DOULEUR & DÉSESPOIR CHEZ JÉRÉMIE: LAMENTATIONS 3 & 4/6
La troisième lamentation se trouve en Jér. 15,
10-21. Encore une fois, « les méchants »
et « les puissants » sont après Jérémie (15, 21). Jérémie regrette d’avoir été né (cp. Job 3,
1-6). Encore une fois, on retrouve le
langage juridique : Jérémie est « un homme de querelle (hb : rib,
c.-à-d. « litige ») et de dispute » (15, 10).
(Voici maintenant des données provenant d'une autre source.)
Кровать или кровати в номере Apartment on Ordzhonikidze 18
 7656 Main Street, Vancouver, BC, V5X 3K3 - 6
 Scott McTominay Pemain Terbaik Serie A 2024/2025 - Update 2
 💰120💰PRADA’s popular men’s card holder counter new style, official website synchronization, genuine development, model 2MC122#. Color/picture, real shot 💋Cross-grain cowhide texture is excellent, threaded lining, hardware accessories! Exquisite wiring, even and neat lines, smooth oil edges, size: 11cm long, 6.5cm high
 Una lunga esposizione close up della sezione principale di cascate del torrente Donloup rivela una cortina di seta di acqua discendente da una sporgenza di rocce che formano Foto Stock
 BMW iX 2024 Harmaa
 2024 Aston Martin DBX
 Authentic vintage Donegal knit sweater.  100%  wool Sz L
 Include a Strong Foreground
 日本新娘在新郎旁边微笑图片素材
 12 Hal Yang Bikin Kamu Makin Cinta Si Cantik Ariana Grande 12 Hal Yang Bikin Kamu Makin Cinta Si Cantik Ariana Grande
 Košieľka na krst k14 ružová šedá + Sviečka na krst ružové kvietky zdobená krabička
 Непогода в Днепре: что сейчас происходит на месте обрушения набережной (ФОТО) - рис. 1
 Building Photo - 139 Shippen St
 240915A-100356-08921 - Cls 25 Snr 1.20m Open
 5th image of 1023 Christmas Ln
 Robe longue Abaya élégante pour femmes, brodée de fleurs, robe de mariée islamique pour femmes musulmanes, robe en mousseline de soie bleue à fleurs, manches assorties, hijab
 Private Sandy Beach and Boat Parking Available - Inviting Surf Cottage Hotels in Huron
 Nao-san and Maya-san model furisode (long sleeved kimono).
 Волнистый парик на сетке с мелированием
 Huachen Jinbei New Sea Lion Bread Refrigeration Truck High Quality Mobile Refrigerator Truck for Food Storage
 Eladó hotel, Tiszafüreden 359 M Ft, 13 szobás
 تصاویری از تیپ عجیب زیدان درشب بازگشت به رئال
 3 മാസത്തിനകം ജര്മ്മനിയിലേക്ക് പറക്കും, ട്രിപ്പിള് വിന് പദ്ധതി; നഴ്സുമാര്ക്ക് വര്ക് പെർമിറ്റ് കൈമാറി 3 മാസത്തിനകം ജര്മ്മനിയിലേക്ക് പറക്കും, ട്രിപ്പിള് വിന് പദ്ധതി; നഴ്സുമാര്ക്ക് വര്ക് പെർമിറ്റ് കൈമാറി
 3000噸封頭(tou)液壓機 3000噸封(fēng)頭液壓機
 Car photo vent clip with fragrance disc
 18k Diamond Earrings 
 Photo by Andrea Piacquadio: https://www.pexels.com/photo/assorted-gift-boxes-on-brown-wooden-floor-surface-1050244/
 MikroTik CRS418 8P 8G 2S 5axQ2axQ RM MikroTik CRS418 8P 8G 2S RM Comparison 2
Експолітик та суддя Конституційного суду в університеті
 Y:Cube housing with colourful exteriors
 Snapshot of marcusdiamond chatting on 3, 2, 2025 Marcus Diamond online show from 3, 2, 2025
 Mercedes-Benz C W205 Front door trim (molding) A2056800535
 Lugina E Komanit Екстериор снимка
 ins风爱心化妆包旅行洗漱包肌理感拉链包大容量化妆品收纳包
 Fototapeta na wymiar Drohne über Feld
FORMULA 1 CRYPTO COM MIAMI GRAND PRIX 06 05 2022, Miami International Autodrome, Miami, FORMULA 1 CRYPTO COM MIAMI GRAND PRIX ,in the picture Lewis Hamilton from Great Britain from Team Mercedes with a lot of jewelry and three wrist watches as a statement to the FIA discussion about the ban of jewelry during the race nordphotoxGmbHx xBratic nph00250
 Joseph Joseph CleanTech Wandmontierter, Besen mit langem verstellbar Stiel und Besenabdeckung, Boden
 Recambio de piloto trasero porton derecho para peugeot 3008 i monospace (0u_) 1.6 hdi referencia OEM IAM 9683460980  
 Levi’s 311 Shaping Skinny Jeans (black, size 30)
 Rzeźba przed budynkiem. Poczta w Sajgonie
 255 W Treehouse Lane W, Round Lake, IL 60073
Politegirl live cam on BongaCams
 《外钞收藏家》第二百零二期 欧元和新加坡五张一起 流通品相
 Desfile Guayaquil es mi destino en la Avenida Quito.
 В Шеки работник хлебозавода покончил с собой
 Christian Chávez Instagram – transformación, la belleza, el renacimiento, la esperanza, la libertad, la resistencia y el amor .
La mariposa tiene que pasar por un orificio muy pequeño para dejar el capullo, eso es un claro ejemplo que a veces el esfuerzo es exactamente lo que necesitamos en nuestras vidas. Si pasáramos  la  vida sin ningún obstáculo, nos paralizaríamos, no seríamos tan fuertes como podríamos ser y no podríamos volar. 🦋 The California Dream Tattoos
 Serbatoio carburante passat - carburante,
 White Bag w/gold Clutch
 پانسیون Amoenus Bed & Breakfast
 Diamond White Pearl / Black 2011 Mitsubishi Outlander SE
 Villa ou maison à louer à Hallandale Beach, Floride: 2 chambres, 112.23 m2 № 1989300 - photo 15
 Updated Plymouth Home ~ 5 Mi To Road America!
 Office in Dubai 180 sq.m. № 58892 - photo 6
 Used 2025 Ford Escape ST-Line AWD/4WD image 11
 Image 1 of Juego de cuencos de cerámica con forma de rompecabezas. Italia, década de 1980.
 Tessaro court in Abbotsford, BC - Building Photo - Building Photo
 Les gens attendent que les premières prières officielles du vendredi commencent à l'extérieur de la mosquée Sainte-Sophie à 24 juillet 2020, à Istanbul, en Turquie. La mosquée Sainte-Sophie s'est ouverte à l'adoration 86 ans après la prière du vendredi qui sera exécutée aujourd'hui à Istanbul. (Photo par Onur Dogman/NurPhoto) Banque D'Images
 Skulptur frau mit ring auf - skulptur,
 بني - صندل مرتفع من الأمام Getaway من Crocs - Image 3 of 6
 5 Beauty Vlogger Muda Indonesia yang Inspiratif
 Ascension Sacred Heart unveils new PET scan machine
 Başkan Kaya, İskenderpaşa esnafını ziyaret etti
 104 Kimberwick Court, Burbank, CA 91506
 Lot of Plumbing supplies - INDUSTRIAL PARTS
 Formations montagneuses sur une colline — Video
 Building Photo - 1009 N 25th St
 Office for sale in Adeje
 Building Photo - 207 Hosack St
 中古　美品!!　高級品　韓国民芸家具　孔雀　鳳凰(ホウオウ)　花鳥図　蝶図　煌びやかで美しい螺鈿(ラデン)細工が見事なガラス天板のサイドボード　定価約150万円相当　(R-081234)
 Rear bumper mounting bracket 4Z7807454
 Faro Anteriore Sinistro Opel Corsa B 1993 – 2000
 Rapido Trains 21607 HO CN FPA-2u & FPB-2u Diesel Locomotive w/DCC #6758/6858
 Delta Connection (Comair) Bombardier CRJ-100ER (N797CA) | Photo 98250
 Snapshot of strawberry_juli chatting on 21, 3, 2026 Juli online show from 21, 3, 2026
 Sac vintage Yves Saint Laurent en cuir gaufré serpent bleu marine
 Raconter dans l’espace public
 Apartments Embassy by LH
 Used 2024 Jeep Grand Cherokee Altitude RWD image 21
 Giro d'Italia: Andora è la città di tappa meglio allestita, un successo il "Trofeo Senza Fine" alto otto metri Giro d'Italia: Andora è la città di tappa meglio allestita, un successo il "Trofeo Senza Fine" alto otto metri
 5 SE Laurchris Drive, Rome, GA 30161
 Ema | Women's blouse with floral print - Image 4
Non seulement Jérémie prétend ne pas avoir
commis de faute, mais il insiste également qu’il intercède en faveur du peuple
depuis un certain temps contre Yahvé, qui lui, profère des menaces d’exécuter
des jugements contre le peuple. Donc,
pourquoi Jérémie se fait-il persécuté?[1] En Jér. 15, 14, Yahvé affirme que sa colère
est un feu éternel (voir Jér. 17, 4,27).
La lamentation qu’on retrouve en 15, 15-21 contient trois parties :
une pétition (v. 15b), une affirmation d’innocence et de fidélité (vv. 15c-17)
et une plainte (v. 18). Comme dans la
première lamentation (11, 20), Jérémie demande à Dieu de lui venger de ses
persécuteurs (15, 15). La demande de « ne
lui rendre pas victime » (15, 15; c.-à-d. « ne lui enlever pas la vie »)
démontre à la fois le fait que Jérémie soit conscient que sa vie est en danger
et aussi son désir de continuer à vivre.
Jérémie continue en accusant Yahvé non seulement d’être la cause de sa souffrance,
mais aussi de l’avoir abandonné volontairement pour qu’il fasse face, seul, aux
attaques de ses adversaires.[2] En 15, 18, Jérémie accuse Yahvé de nouveau,
cette fois-ci d’être aussi faux et aussi peu fiable qu’un oued lors d’une
sécheresse (voir Jér. 2, 13; 17, 13). Alors
qu’il annonce un désastre national imminent, Jérémie vit l’angoisse que la
nation de Juda vivra une fois qu’elle se trouve en exil en Babylone. Comme Jérémie est persécuté par ses
concitoyens, et se plaint auprès de Dieu, les Judéens au Babylone vont se
plaindre auprès de Yahvé, le Seigneur de l’alliance.[3] La promesse de Yahvé d’être avec Jérémie pour
lui délivrer – tel qu’on la retrouve dans le récit de sa vocation (1, 18-19) –
est répétée en 15, 20 (voir 15, 12).
La 4e
psaume de lamentation se trouve en Jér. 17, 14-18. Jérémie demande que ses ennemis puissent
vivre les choses desquelles il cherche à se sauver, à savoir : la honte, le
fait d’être effrayé, le jour du malheur et la destruction. L’hostilité de la prière est surprenante,
mais Jérémie prie avec l’audace qui caractérise la tradition d’Israël depuis l’époque
de Moïse. Le langage de cette prière
démontre que la relation entre Jérémie et Yahvé est caractérisée par une
communion intense. Celui qui prie est
rempli avec la douleur et la rage, et il remet la vengeance à Dieu.[4] De telles plaintes sont habituellement exaucées
par un oracle de rassurance. Dans ce
poème, par contre, il n’y a pas de réponse. L’hostilité à laquelle Jérémie fait face de
la part de ses adversaires est égalée par le silence de Dieu. Ce silence n’est pas expliqué – il s’agit
simplement d’une réalité dans cette vie de foi angoissée. Le prophète vit lui-même l’absence de
Yahvé, qui se trouve à être le destin d’Israël.[5]
[2] Brueggemann,
Walter, A Commentary on Jeremiah, pp. 146-47.
[3] Ibid, p. 150.
[4] Voir Bonhoeffer, Dietrich, Psalms: The Prayer Book of the
Bible, Minneapolis: Augsburg, 1974 [1966], p. 57, où, commentant les « psaumes
imprécatoires » (ceux dans lesquels le psalmiste prie que Dieu juge ses
ennemis), Bonhoeffer insiste que le croyant qui reprend ces psaumes aujourd’hui
doit enlever de son esprit toute pensée de vengeance personnelle et que
seulement celui qui est innocent vis-à-vis ses ennemis peut remettre la
vengeance à Dieu.
[5] Voir Brueggemann,
Walter, A Commentary on Jeremiah, pp. 163-65.